*WHAT NEEDS TO BE DONE*.
Reproduce exactly, and solely, the lines running from the top of the data below through the line with "Telefoonhoesje Geschikt voor", both inclusive. Omit pictures.

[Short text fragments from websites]
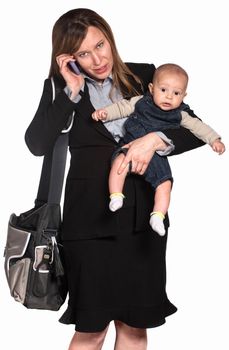 Hispanic businesswoman with baby over white background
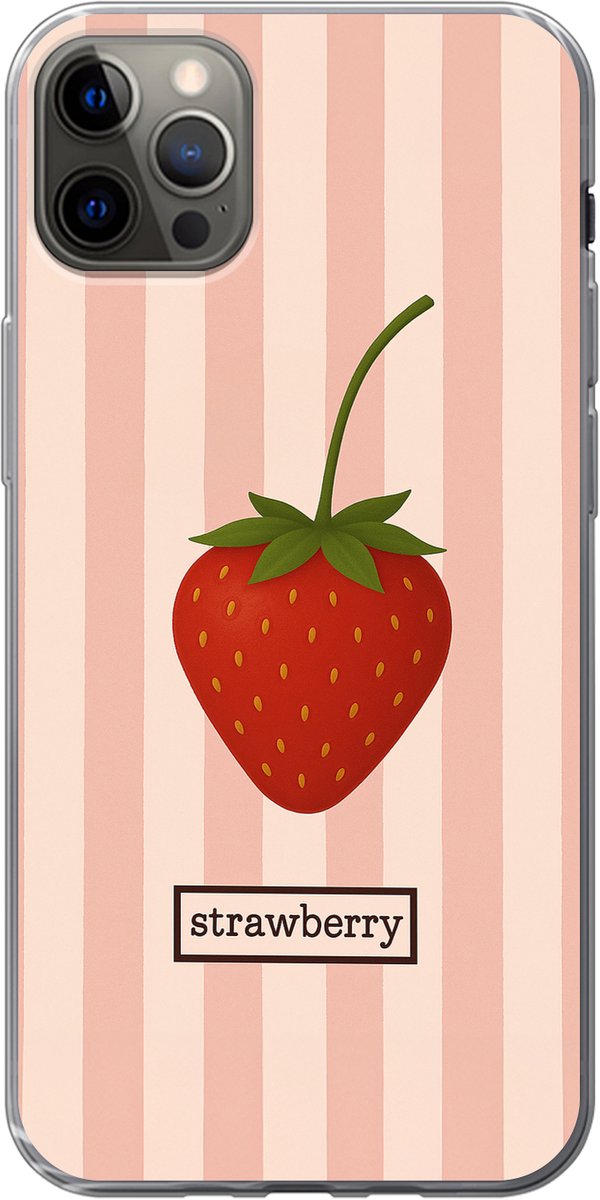 Telefoonhoesje Geschikt voor iPhone 12 Pro Max hoesje - Aardbei - Strepen - Minimalistisch - Rood - Siliconen Telefoonhoesje Telefoonhoesje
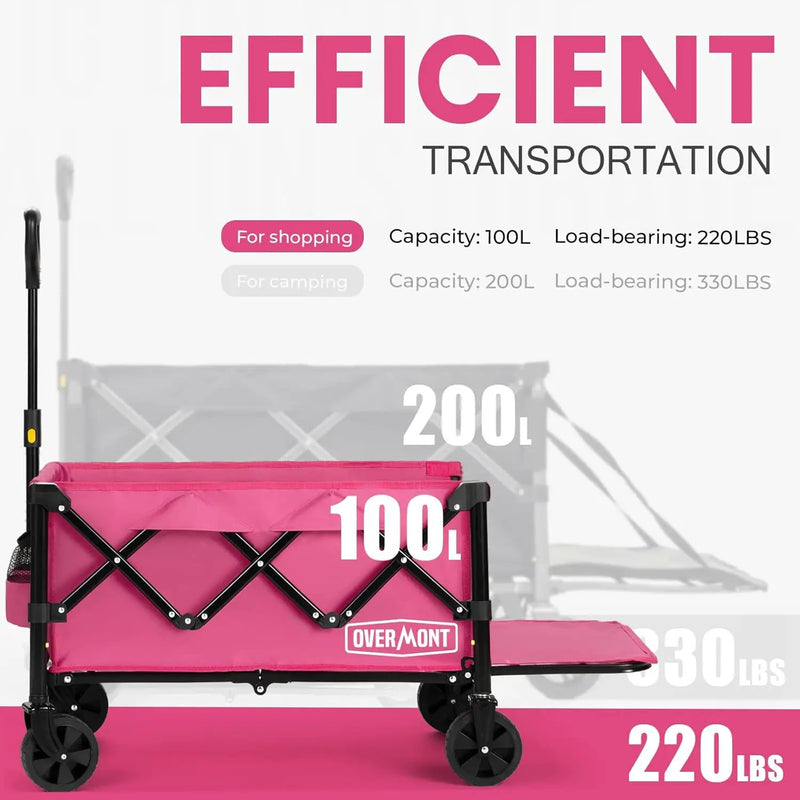 OVERMONT Collapsible Wagon with Tailgate - 220lbs Extended Lightweight Foldable Utility Wagons Folding Cart with Wheels - Small Garden Grocery Cart for Shopping,Grocery,Sports,Garden by GreenHaven Gardens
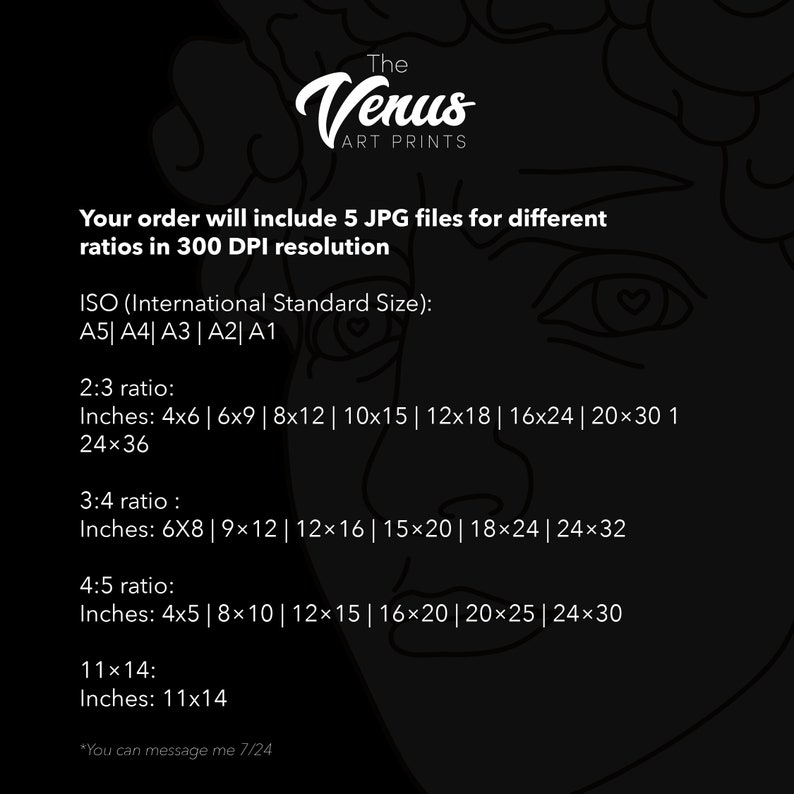May include: A black and white illustration of a face with a heart in the eye. The text "The Venus Art Prints" is at the top of the image. The text below describes the different sizes of digital prints available in 300 DPI resolution. The sizes are listed in inches and include ISO standard sizes, 2:3 ratio, 3:4 ratio, 4:5 ratio, and 11x14.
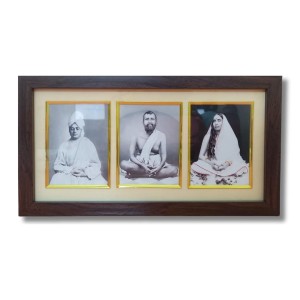 HiTechMart Swami Vivekananda & Ramakrishna Paramhansa & Sarada maa photo frame || Three pictures in one Frame || Laminated photo frame for wall, living room, gifts (Wood Base and Front Laminated)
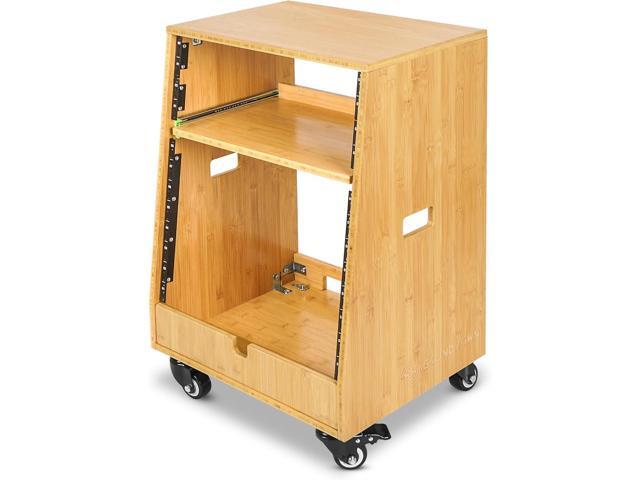 Sound Town DIY Solid Carbonized Bamboo Slanted 12U Studio Rack (4U Top + 8U Lower) with 2U Bottom Storage Slide-Out Tray Caster For Recording Room Home Studio (STBR-ST12T) - image 4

*OUTPUT FOR THIS TASK*.
 Hispanic businesswoman with baby over white background
 Telefoonhoesje Geschikt voor iPhone 12 Pro Max hoesje - Aardbei - Strepen - Minimalistisch - Rood - Siliconen Telefoonhoesje Telefoonhoesje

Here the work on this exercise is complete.